> [Work request] The entire set of lines below should be copied exactly.

> [Provided records]
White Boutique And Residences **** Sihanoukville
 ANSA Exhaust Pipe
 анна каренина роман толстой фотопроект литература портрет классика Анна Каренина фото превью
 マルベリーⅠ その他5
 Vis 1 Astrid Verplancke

> [Response area]
White Boutique And Residences **** Sihanoukville
 ANSA Exhaust Pipe
 анна каренина роман толстой фотопроект литература портрет классика Анна Каренина фото превью
 マルベリーⅠ その他5
 Vis 1 Astrid Verplancke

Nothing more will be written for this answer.